The call is something given in many different ways to many different people. It comes to every Christian not to just a few. It is as hard to be a Christian in a place of work today as it is to be a full time Christian minister. It is as hard to be a Christian parent as it is to be a public advocate for Christianity in an unbelieving and apostate society. It is as hard to be a believing praying serving Christian in this generation as in any other. If we lose heart and enthusiasm and begin to wonder if it is worthwhile at all, we should remember Jesus’ own words. 'You did not chose me, but I chose you and appointed you to go and bear fruit - fruit that will last'. We are not the authors of our own Christian calling. It is not about us. We are not called for ourselves, for our own pleasure or for our own recognition. It’s all about Jesus. The call is not to the proud and self-sufficient but to the humble of heart. Richard Dawkins has never realised that God is revealed to those of open minded disposition. He cannot see that God is not the god of self reliant self opinionated self aggrandising intellectuals. The issue is not whether God exists or not. The issue is ‘Why has Richard Dawkins not responded to God calling?’ Like Saul of Tarsus, he kicks against the thorns and keeps hurting himself.
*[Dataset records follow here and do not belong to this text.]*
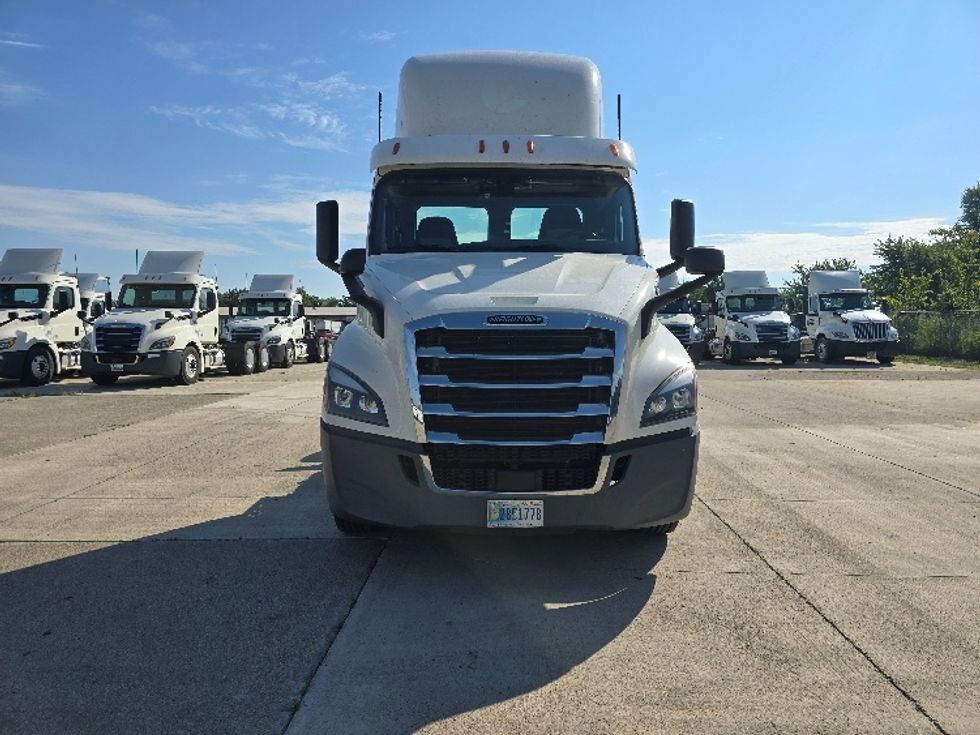 Day Cab Tractor-Heavy Duty Tractors-Freightliner-2020-T11664ST-East Liberty-OH-460,788\n\t\tmiles-$ 45,250 - Image 2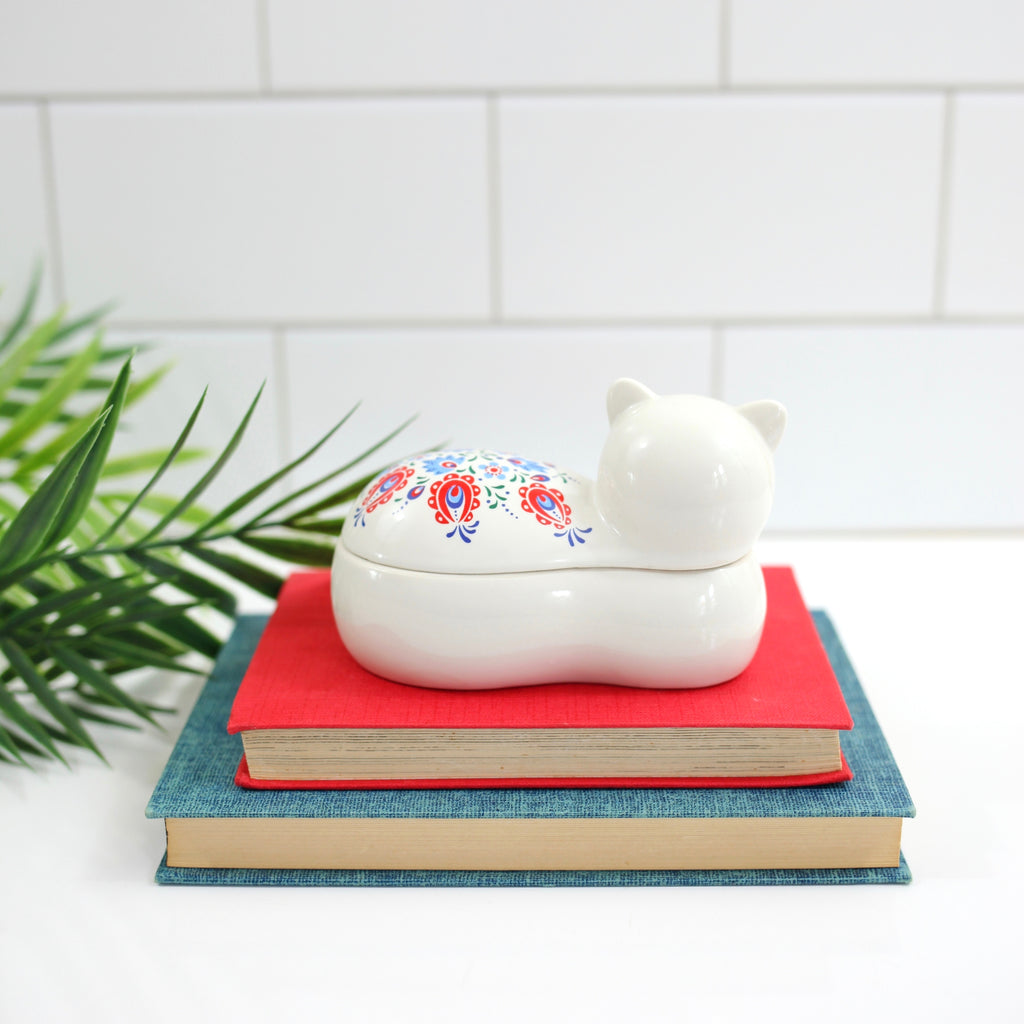 SOLD Vintage Ceramic Cat Trinket Box Wise Apple Vintage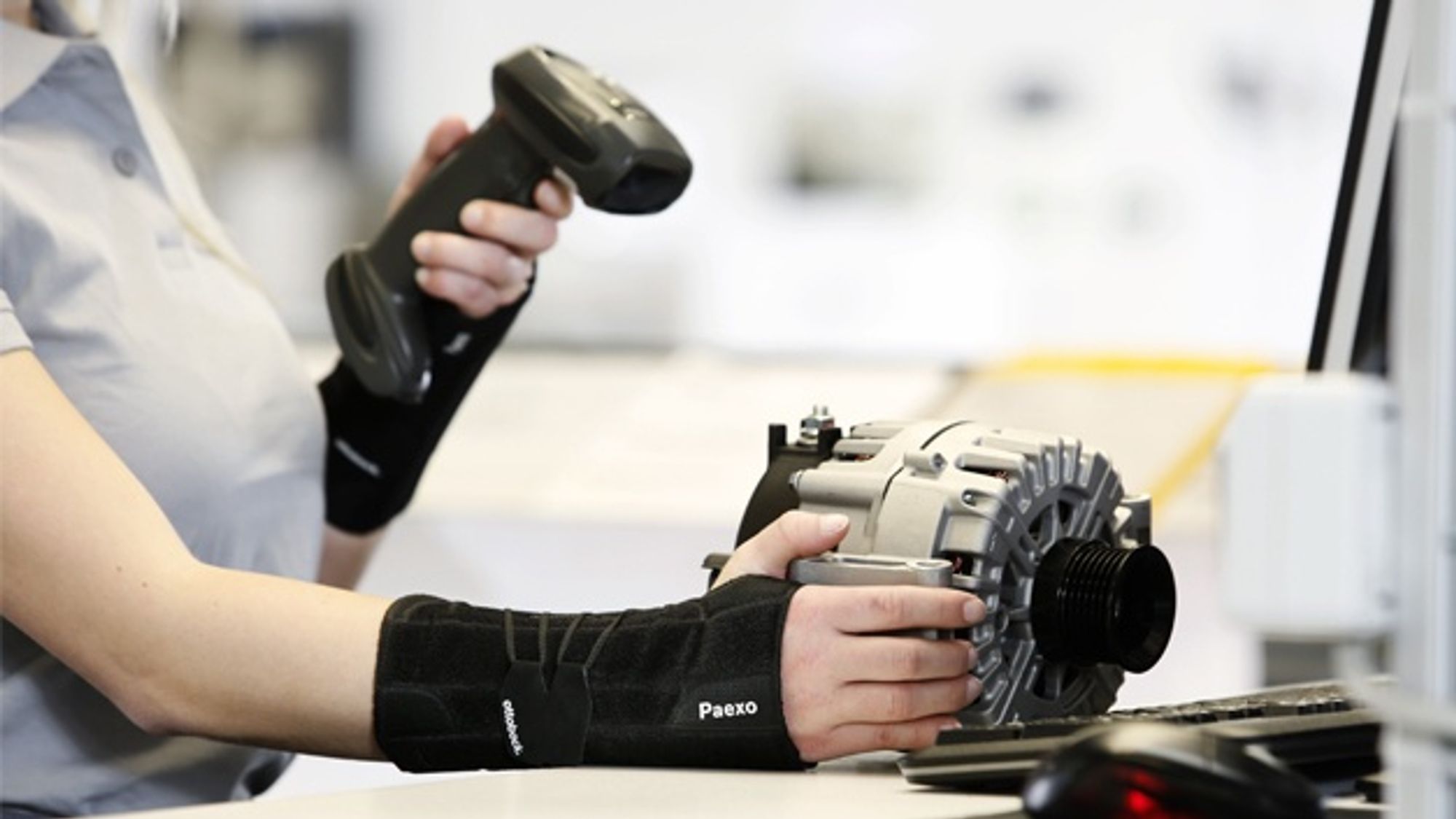 Paexo Wrist im Einsatz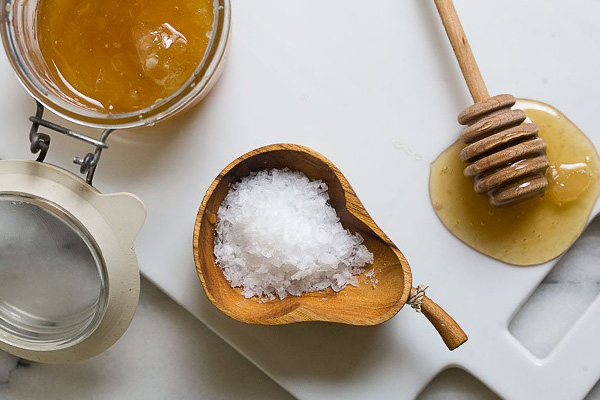 cach-lam-trang-da-bang-mat-ong-va-muoi1 cach-lam-trang-da-bang-mat-ong-va-muoi1.jpg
Christian calling gives to everyone a life less ordinary. It is an immeasurable privilege to live in the company of the Risen Jesus. Nothing can touch or harm the dimension of living faith that is imparted and treasured within us. Once Someone has risen from the dead, everything is possible. 'There is nothing in death or life, in the realm of spirits or superhuman powers, in the world as it is or the world as it shall be, in the forces of the universe, in heights or depths - nothing in all creation can separate us from the love of God in Christ Jesus our Lord'.